Some of the questions that seem to be inevitable when analyzing disability thorugh the lens of humor and stand-up comeday are:

  1. As Simi Linton notes in “Reassigning Meaning”: “The question of who qualifies as disabled is as answerable or as confounding as questions about any identity status. One simple response might be that you are disabled if you say you are… The degree and significance of an individual’s impairment is often less of an issue than the degree to which someone identifies as disabled” (12). This is exactly what Maysoon Zayid does! In each of her acts, she emphasizes the fact that she is disabled (because of her medical condition, and because the doctor who delivered her was supposedly drunk), but she also defines her disability through her ethnic and religious identity. This makes me wonder whether disability is defined through language, rather than biological or social determiners? Does language have enough capacity to assign impairment and/or disability without relying on purely medical and social norms? Would we laugh at these jokes if they were told by an able-bodied person who is not a Muslim or Palestinian? What would happen if Zayid didn’t tell the audience about her disability?

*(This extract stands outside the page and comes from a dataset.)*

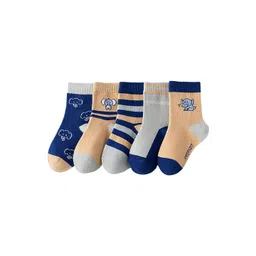 SYGA Kids Pack Of 5 Elephant Design Patterned Cotton Above Ankle Length Socks-picture-36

  2. Is it still a disability when we laugh at it? Does stand-up comedy performed by disabled comedians move us closer or farther apart from people with disabilities?
  3. Why are special education settings generally lacking in humor?

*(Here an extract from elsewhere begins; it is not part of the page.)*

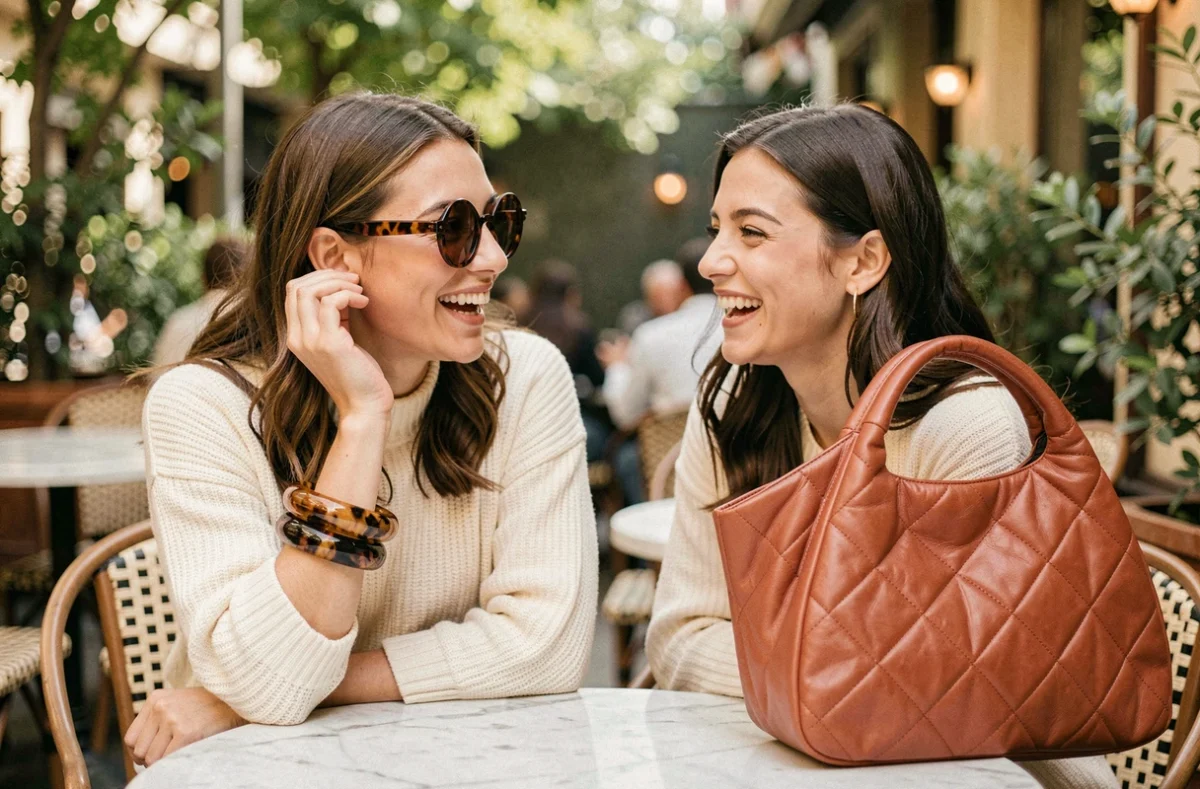 Deux femmes attablées en terrasse de café arborant des accessoires oversize tendance printemps-été, lunettes rondes et sac matelassé terracotta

How can we study disability from the perspective of performance? Stand-up comedy is one type of performance! 1. Stand-up comedy performed by disabled comedians functions as freak show in a way: the disabled comedian is on display, all attention is directed at them, just like in the theatre, but at the same time, the audience is integrated into the overall experience, laughing about their own prejudices and stereotypes, together with the comedian. In addition, the disabled stand-up comedian can be viewed as “exotic”, i.e. an unknown or mysterious body, or the wonder-crip who invokes “the extraordinariness of the disabled body in order to secure the ordinariness of the viewer” (Garland-Thomson 341).

  1. Stand-up comedy engages the audience in a clinical experience (what Foucault talks about in Seeing and Knowing), by placing them in a mutual sensible experience in which the disability or illness of the viewed object is reduced or erased. Clinical experience is a moment between speech and spectacle.
  2. Stand-up comedy performed by people with disabilities draws a distinction between severe and less severe types of disability, and the classification of disabilities (which is what Susan Wendell speaks of). In one of her performances, Maysoon Zayid recounts her experience with a police officer who pulled her over for speeding, and she pretended that she has Down’s syndrome to receive more empathy and a smaller fine, or no fine at all. How do we distinguish between less severe and more severe forms of disability? Do more severe forms of disability incite more empathy; do they fall more in line with the sentimental and the realistic? How does performance distinguish between more severe and less severe types of disability?
  3. Stand-up comedy subverts the eugenic gaze and the issue of “feeble-mindedness”, by depicting a comedian as a normal-functioning and intellectually competent individual who shares similar life experiences as the majority of people in society. The same happens in the theatre, where a disabled actor functions normally in a rearranged setting.
  4. In most, if not all performances that involve people with disabilities, we have the “hegemonic mode of representation, i.e. a combination of the exotic and wondrous” (McRuer, Crip Eye for the Normate Guy, 192), or as Garland-Thomson states: “something that satiates the humans’ need for ‘extravagant and idisputable otherness of the freak’” (Garland-Thomson 65). Just like in the case of Bob Flanagan, disabled actors or stand-up comedians may be using their disability as a means of surviving by being sick and abnormal, overcoming disability, or simply escaping it.